In 2000, Bash served as the defense and foreign policy director for the presidential campaign of Al Gore and Joe Lieberman. He was a member of Gore's legal team during the 36-day recount in Florida.

From 2001 to 2004, Bash practiced law at O'Melveny & Myers in Washington, D.C., focusing on litigation and investigations. He then served as chief counsel on the Permanent Select Committee on Intelligence of the U.S. House of Representatives and as a senior national security advisor to California Representative Jane Harman, the committee's top Democrat.

In April 2022, Bash was appointed by the Senate Armed Services Committee to serve as a member of the Afghanistan War Commission, a bipartisan commission established to study U.S. military operations in Afghanistan from 2001 to 2021.
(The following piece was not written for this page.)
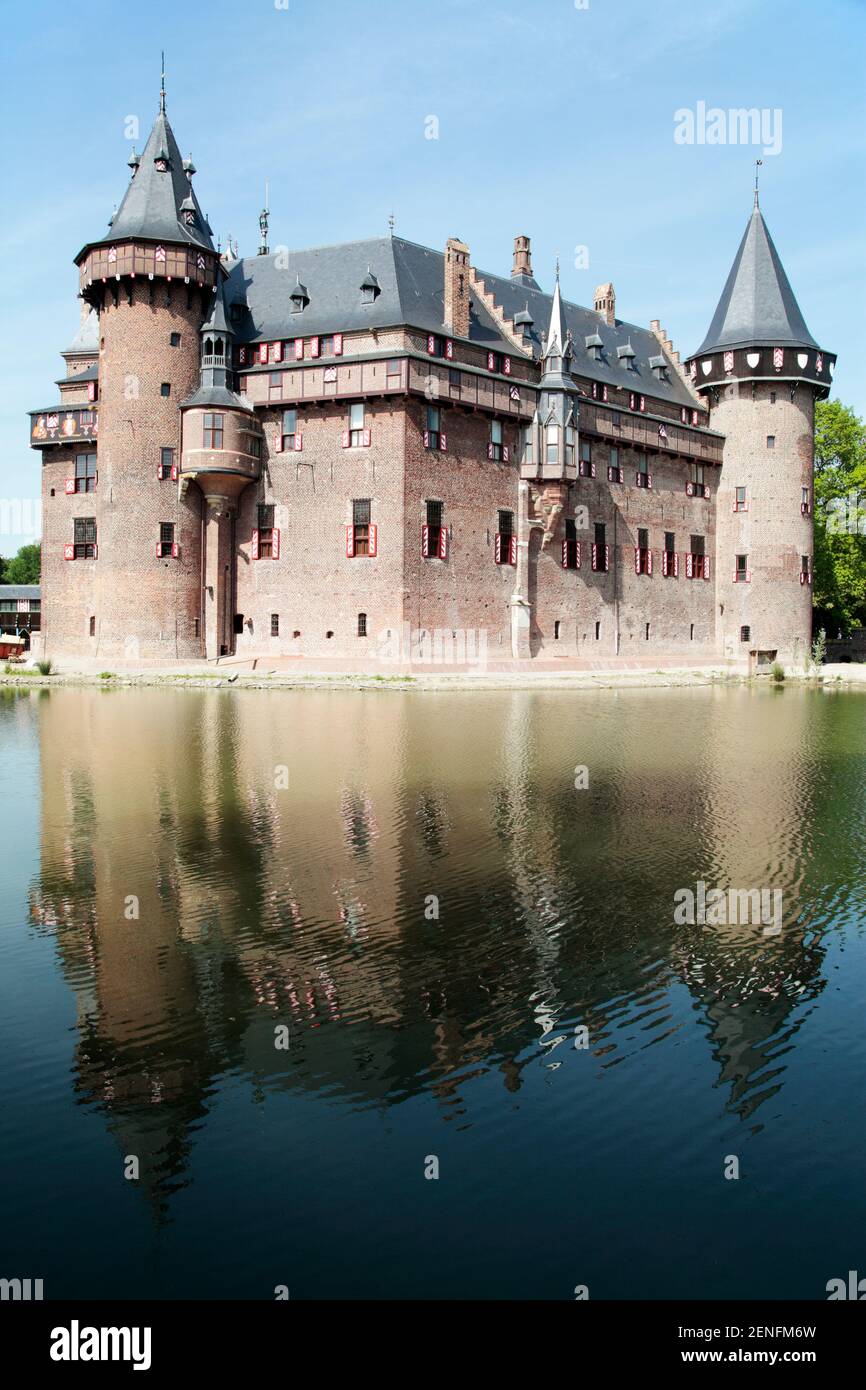 Castle De Haar, Utrecht, Netherlands Stock Photo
In August 2022, President Biden appointed Bash to the President's Intelligence Advisory Board.

===Hunter Biden laptop letter===

On October 19, 2020, Bash was among 51 former intelligence officials who signed a letter stating that the New York Post reporting on Hunter Biden's laptop had "all the classic earmarks of a Russian information operation." The letter stated the signatories did not know whether the emails were genuine and did not have evidence of Russian involvement.

On January 20, 2025, President Donald Trump signed an executive order revoking the security clearances of all 51 signatories.

==In other media==
In 2008, a minor character based on Bash appeared in the HBO original movie Recount about the 2000 United States presidential election recount in Florida. Bash was portrayed by Derek Cecil. Bash is portrayed in the 2012 movie Zero Dark Thirty, although the character is mentioned by first name only (both within the film and in the cast credits).

In 2010, Bash was named as one of TIME Magazine's 40 Under 40, a list of 40 significant persons under age 40.

==Personal life==
Bash was married to CNN journalist Dana Bash from 1998 to 2007.

Bash married Robyn Cooke in 2009, the vice president of government relations and public policy operations for the American Hospital Association. They have three daughters.